■ What you have to do ■
Find the line containing "Novak Djokovic celebrates" in the records below. Copy exactly that line and each one after it, ending at the line containing "Una caja de cartón", and nothing more.

■ Records supplied ■
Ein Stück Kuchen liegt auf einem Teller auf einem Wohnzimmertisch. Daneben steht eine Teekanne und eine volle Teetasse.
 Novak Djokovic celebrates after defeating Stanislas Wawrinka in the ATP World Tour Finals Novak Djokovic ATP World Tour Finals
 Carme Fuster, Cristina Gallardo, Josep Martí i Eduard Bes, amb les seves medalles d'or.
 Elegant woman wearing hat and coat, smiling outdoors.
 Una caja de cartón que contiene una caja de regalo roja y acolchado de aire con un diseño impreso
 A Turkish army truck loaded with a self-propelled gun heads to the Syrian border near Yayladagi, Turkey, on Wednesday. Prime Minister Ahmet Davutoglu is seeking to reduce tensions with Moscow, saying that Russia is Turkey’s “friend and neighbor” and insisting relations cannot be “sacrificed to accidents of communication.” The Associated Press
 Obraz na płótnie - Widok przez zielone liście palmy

■ Exercise output ■
 Novak Djokovic celebrates after defeating Stanislas Wawrinka in the ATP World Tour Finals Novak Djokovic ATP World Tour Finals
 Carme Fuster, Cristina Gallardo, Josep Martí i Eduard Bes, amb les seves medalles d'or.
 Elegant woman wearing hat and coat, smiling outdoors.
 Una caja de cartón que contiene una caja de regalo roja y acolchado de aire con un diseño impreso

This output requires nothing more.